Seguro que usted conoce a alguien que se pasa la Navidad entre quejas por tener que someterse a un cierto ritual familiar, pero se siente incapaz de salir de ese huevo. No son pocos los que relacionan Navidad con estrés, depresión y broncas familiares, entre otros inconvenientes. Tienen razón en quejarse: el estrés viene generado por el ajetreo de las reuniones forzadas o incluso por los viajes, que se traducen en embotellamientos, colas en aeropuertos, demoras de vuelos, pérdidas de equipaje y otras lindezas; la depresión puede ser el resultado de sentar a la mesa navideña a aquellos que se fueron, ausencias que a menudo resulta complicado reemplazar y que cobran mayor dimensión cuando lo que las rodea es el jolgorio y la felicidad (real o de cartón piedra); se suman también factores como las carencias, de trabajo, de compañía, de dinero para gastar en lo que la publicidad dice que nos dará alegría y felicidad. Conclusión: el malestar que genera esta época del año, estas fiestas navideñas, tiene muy poco o nada que ver con el cuento infantil que pregonan la tradición y los medios.

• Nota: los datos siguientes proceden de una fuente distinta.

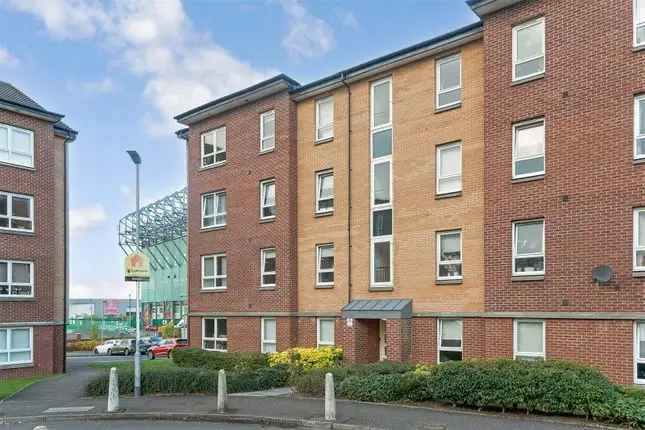 Flat for sale in Springfield Gardens, Glasgow G31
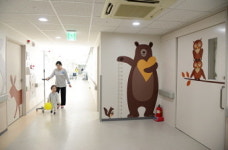 부산백병원, 소아병동 동물캐릭터 단장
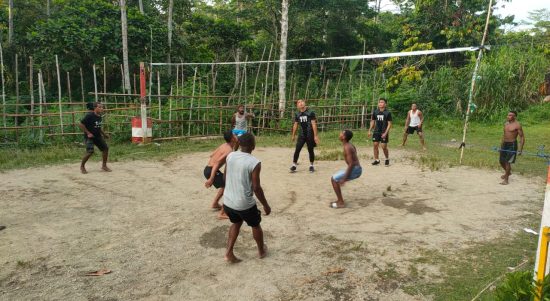 Kegiatan Bermain Voli Merupakan Wahana Komunikasi Sosial yang Dilakukan Anggota Pos Wembi, Senin (16/05/2022), (Foto: V24/AL)
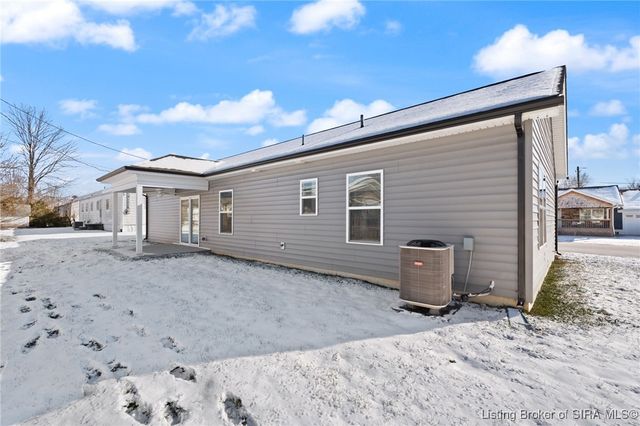 118 Clark Road, Charlestown, IN 47111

Desde hace unos años, cuando Xavier Trias gobernaba la ciudad, Barcelona recibe a quienes entran en ella por la Gran Via con unos leds que resumen la ideología que envuelve a esta época. Ya desde noviembre, las luces emiten unos mensajes bobalicones que rezan glub-glub-glub, hic-hic-hic, nyam-nyam-nyam, muac-muac-muac y estúpidas onomatopeyas semejantes. Beber, hipar, comer, besarse, en fin, ya se sabe, esas cosas obligatorias por Navidad. Para el próximo año le ruego al Ajuntament que añada un lema, acaso más difícil de traducir en una sílaba que se repite: el de la náusea, la pedorreta o el simple vómito. Se lo pido como ciudadano que paga sus impuestos y que por estas entrañables fechas huye de la ciudad hasta que todo haya pasado.